The Atakur inscription (sometimes spelt Athakur, Athagur, Athkur, Atkur or Atukur) dated 949-950 C.E. is an inscribed memorial stone (hero stone) in classical Kannada composition. It was discovered at the Chelleshvara temple at Atakur village, about 23 km from Mandya, Karnataka, India. The "motion packed" sculptured hero stone describes two events in poetic Kannada; the battle between "Kali" the hound and a wild boar, and the victory of Rashtrakuta Emperor Krishna III over the Chola dynasty of Tanjore in the battle of Takkolam. According to historians I. K. Sarma and Singh, memorial stones for warriors are common in medieval India, but one erected in memory of an animal is considered unique.

==Content==
The many battles fought between the Rashtrakuta dynasty (with the support of their vassal King Butuga II of the Western Ganga Dynasty) and the Cholas of Tanjore have been the subject of many a medieval hero stone. It is known from this inscription, which is dated to 949-950 C.E (saka 872), that King Butuga II had a favorite hound called "Kali" which helped a warrior named Manlarata (or Manalera, an aid-de-camp of Butuga II) fight the Chola king Rajaditya on the battlefield. Manlarata, whom the inscription refers to as Valabhipuravaresvara ("Lord of Vallabhi"), was able to drive the Chola armies away while King Butuga II, riding an elephant on the battlefield, killed the Chola King. In the inscription, the Rashtrakuta Emperor Krishna III showers high praise on Butuga II for his achievement (the Neralige inscription illustrates in more detail the battle of Takkolam). Manalarata, whose valor is poetically described in the inscription, requested Butuga II to give him the brave hound in return for his exploits on the battlefield.

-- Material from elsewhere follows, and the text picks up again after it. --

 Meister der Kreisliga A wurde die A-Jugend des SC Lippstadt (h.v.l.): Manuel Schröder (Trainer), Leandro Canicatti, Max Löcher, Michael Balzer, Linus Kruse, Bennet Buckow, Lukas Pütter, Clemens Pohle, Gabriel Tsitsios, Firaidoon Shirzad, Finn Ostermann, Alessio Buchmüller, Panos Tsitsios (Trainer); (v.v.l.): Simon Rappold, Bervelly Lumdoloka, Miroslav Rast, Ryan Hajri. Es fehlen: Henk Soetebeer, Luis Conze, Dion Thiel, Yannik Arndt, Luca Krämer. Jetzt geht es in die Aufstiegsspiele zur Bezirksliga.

In a separate incident, during a hunt, the hound was involved in a fight with a wild boar in a trench near the village of Beltur, leading to the death of both animals in the conflict. This inscribed memorial stone was erected by a grief-stricken Manlarata in honor of the brave dog. The inscription warns the local priest (gorava) of "sin" if he were to have his food before "offering worship to the memorial stone". According to historian Shadakshari Settar, the gorava mentioned in the inscription is a Shaiva priest, whereas Ferdinand Kittel considers him a Shaiva mendicant. Commemorating his victory in battle, Emperor Krishna III gifted his vassal King Butuga II large areas of his kingdom, including the provinces of Banavasi-12000, Belavola-300, Purugere-300, Kisukad-70 and the Bagenad-70. Butuga II gifted his faithful warrior Manlarata the villages of Atakur-12 and Koteyur.